* [Supplied information]:
____________________

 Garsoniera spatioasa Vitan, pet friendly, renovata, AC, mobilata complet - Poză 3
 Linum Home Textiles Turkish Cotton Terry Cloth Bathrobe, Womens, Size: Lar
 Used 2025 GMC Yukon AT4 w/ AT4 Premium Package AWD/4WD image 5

____________________

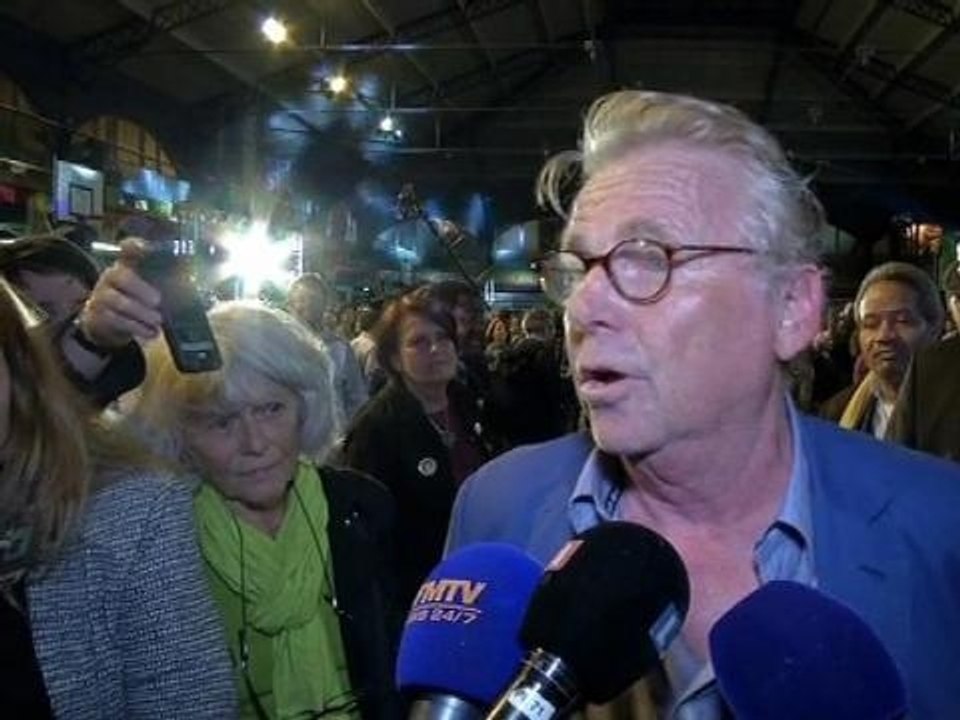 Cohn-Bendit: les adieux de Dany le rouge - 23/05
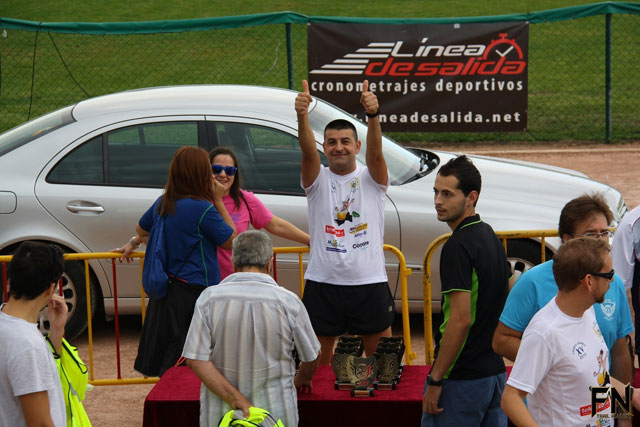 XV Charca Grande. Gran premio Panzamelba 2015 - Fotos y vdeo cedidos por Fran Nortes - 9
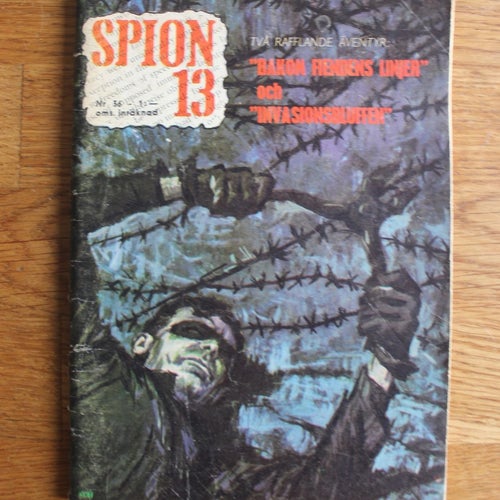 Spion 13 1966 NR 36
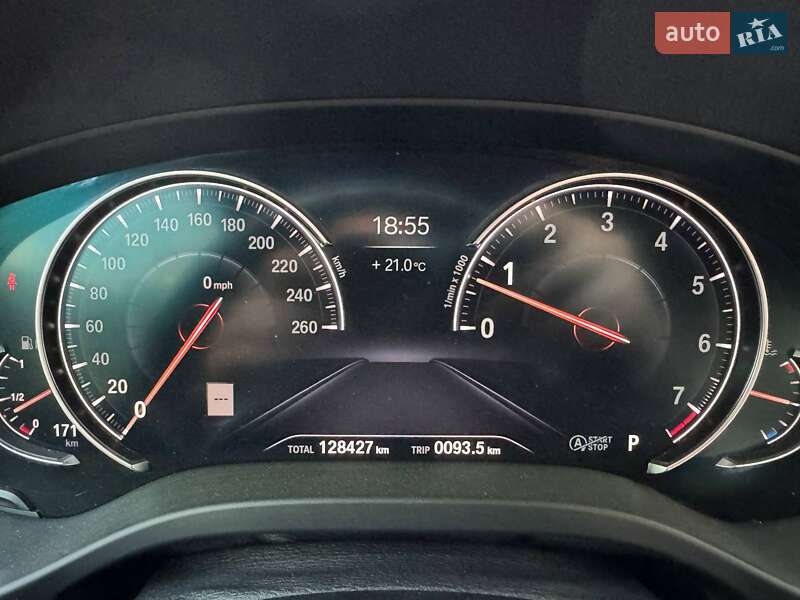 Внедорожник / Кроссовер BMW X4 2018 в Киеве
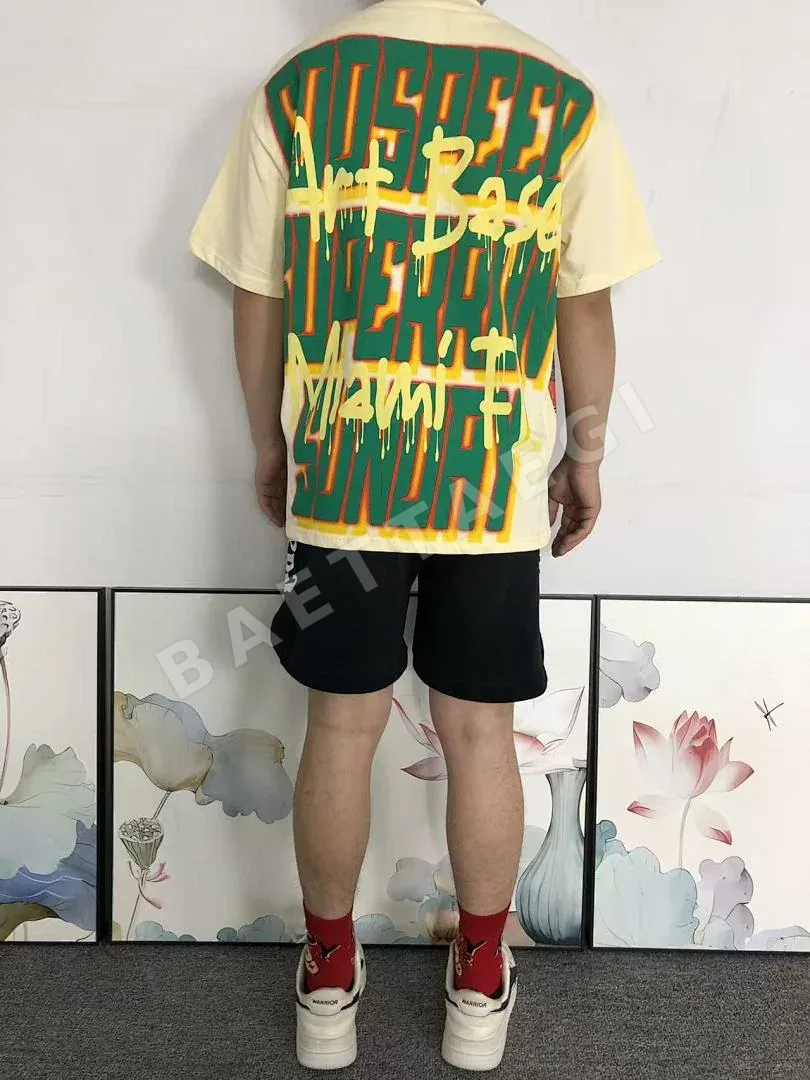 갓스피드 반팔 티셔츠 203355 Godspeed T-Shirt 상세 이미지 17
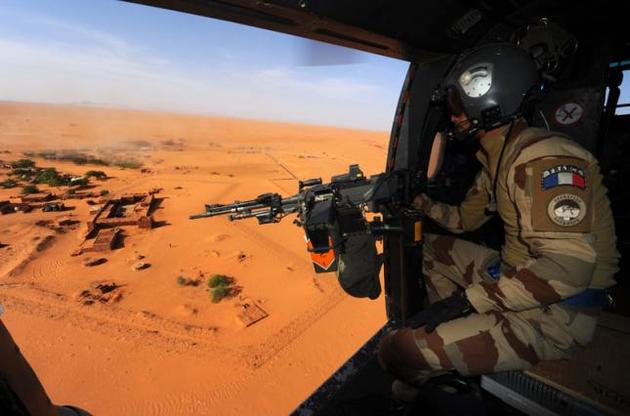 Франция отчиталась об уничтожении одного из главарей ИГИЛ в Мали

____________________

* [Instructions for the task]:
Write out exactly the lines above between the one with "갓스피드 반팔 티셔츠" and the one with "Франция отчиталась об", inclusive, with pictures left out.

* [Exercise solution]:
 갓스피드 반팔 티셔츠 203355 Godspeed T-Shirt 상세 이미지 17
 Франция отчиталась об уничтожении одного из главарей ИГИЛ в Мали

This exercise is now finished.